For others, the process was not as laborious. “I was in the middle of the rehearsal process for a play, so I didn’t have any time to study,” says Marissa Kuriakos. “My mom and I decided that it would be a more efficient use of my time to take the ACT, figure out which parts I needed to study for, and take it again, so I went into the test not knowing what to expect. Honestly, I was shocked and happy that I wouldn’t have to take it again.”

For the ACT in particular, says Brooks, it’s all about timing.

“You need to figure out your pacing,” she said. “This prevents you from getting stuck on a question or not having enough time at the end.”

When you’re studying, Brooks recommends breaking the test up in sections and focusing on your weaker sections more.  Whatever the time limit was per section, she spent another 10-15 minutes on top of that to grade and go over that section.

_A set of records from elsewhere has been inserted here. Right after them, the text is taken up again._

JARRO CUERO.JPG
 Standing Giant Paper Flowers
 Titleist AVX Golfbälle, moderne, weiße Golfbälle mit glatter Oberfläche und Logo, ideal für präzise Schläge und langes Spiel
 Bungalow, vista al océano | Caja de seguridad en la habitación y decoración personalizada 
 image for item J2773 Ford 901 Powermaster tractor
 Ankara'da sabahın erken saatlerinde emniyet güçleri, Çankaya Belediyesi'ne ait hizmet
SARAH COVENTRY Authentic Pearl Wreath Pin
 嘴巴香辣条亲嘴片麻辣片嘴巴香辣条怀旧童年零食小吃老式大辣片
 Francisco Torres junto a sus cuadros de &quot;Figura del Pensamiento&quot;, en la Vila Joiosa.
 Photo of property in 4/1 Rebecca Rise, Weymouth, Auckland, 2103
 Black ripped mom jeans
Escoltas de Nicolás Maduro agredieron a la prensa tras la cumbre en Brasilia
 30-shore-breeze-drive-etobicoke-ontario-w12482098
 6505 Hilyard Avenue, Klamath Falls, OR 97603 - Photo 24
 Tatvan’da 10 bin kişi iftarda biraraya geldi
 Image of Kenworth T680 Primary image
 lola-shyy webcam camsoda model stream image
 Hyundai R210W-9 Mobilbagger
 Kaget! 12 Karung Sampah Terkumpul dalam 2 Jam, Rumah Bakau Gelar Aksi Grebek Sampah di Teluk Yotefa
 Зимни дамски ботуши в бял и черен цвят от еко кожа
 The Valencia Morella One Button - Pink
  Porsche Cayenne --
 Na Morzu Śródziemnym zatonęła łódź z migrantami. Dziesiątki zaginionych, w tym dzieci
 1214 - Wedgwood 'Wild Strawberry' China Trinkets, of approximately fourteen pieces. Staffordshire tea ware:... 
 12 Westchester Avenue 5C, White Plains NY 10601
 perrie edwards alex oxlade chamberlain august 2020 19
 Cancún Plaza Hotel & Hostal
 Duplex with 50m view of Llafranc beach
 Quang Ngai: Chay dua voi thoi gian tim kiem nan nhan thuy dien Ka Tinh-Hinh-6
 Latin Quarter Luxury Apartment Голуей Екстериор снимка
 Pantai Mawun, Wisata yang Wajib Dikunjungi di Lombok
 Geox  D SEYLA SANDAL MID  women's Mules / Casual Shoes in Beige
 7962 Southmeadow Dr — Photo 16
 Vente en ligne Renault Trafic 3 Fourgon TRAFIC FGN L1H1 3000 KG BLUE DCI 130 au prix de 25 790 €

“I did way more math prep than I did science or English,” she says. “I would usually do one section per sitting, whether that was math, science, English, reading, writing.”

This year’s ACT contains five sections: reading, writing, math, science, and English. The test is two hours and fifty-five minutes long without the optional writing section, and three hours and thirty-five minutes with the writing section. The test is multiple choice and is scored on a scale of one to 36. Most colleges do not have a preference on whether you take the ACT or the SAT, but elite colleges prefer students with a score of at least 31 on the ACT. 

This year on the ACT,  Illinois outperformed most states, with an average score of 24.3 out of 32, and a ranking of seventh in the nation, though likely due to a low (35 percent) state participation rate. On the SAT, Illinois schools performed worse, ranking 23rd in the nation with an average score of 1,115, just 56 points above the national average.

“I definitely recommend that everyone takes the ACT at least once, because some people just do better on it than on the SAT,” says Kuriakos.